I was trying to solve an excersise when I bumped into this:
If a function $f$ : $\mathbb{R} \to\mathbb{R}$ is strictly increasing and differentiable and it is true that $\lim_{x\to\infty} f(x)=l$ where $l\in\mathbb{R}$, then $f$ is concave at some interval of the form $(k,+\infty)$.
It seems so obvious to me yet I have been struggling way to much to prove it. Any help would be appreciated.
It is not true. Think for example at : $$x\mapsto\exp(-x)\sin(x)$$
It's still not true :-/
Consider the map :
$$f:\mathbb{R}\to\mathbb{R},x\mapsto\exp(-x)\left[\frac{1}{2}\left(\sin(x)-\cos(x)\right)-1\right]$$
Clearly, $f$ has zero limit at $+\infty$.
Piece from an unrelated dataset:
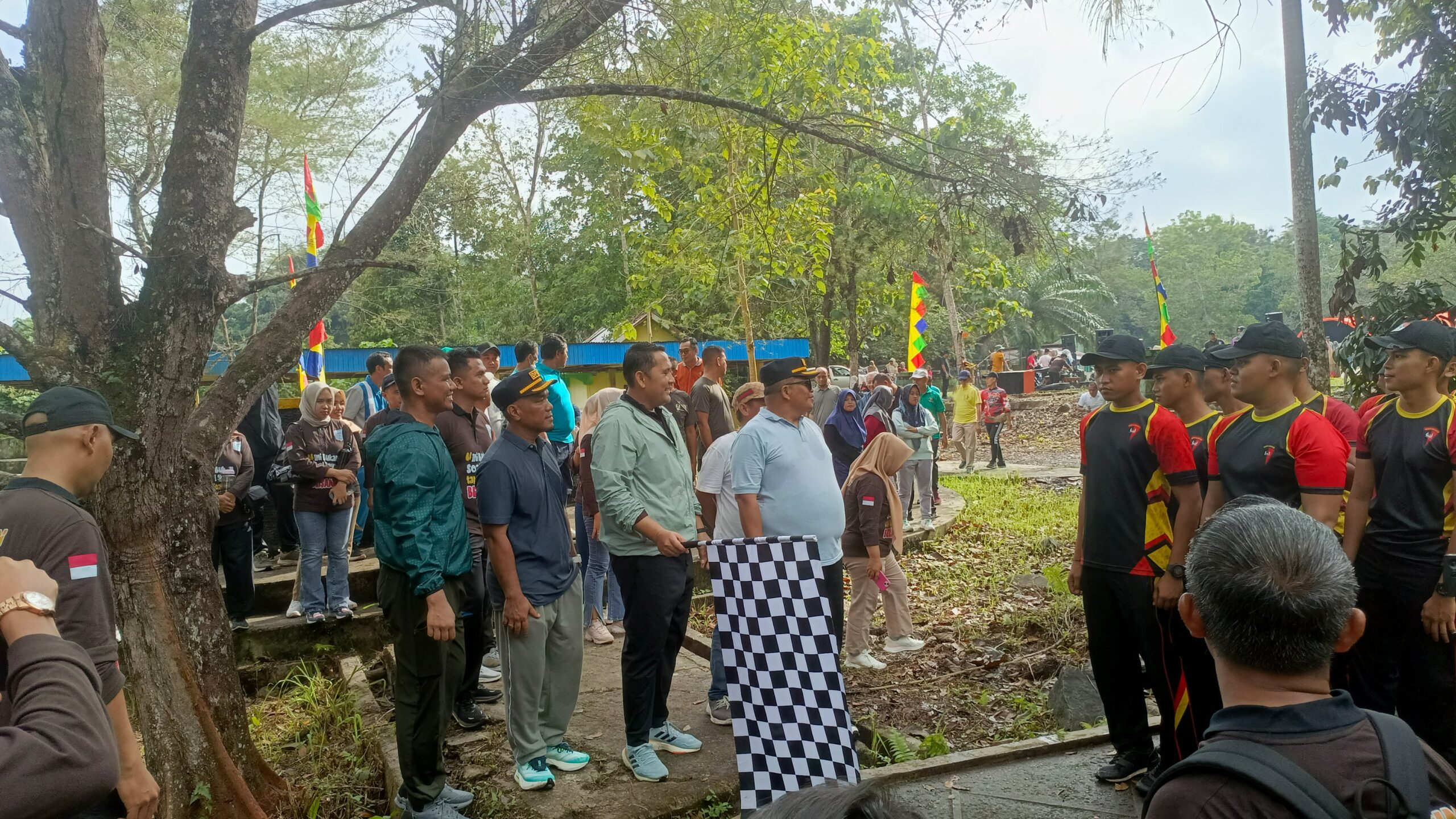 Revitalisasi Wisata Sehat Arboretum Rio Alif: Gerakan “Rata Sehari” Diresmikan Bupati Merangin di Dusun Mudo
We have for all $x\in\mathbb{R}$ :
$$f'(x)=\exp(-x)\left(1+\cos(x)\right)\ge0$$
so that $f$ is increasing.
Now, for all $x\in\mathbb{R}$ :
$$f''(x)=-\exp(-x)\left(1+\sin(x)+\cos(x)\right)=-\exp(-x)\left(1+\sqrt{2}\sin\left(x+\frac{\pi}{4}\right)\right)$$
Hence, there is no $k\in\mathbb{R}$ such that $f$ would be concave on $(k,+\infty)$.
Counterexample: Define
$$ f(x) = \int_0^x \frac{2+\sin t}{1+t^2}\, dt.$$
Then $f\in C^\infty(\mathbb R).$ Note that the above integral converges if $x=\infty,$ showing that $\lim_{x\to \infty} f(x)$ exists. By the FTC, $f'(x) = (2+\sin x)/(1+x^2) > 0,$ so $f$ is strictly increasing. Differentiating again, we get
$$\tag 1 f''(x) = \frac{(1+x^2)\cos x- (2+\sin x)(2x)}{(1+x^2)^2}.$$
Along the sequence $2n\pi,$ the numerator in $(1)\to \infty,$ so $f''(2n\pi) > 0$ for large $n.$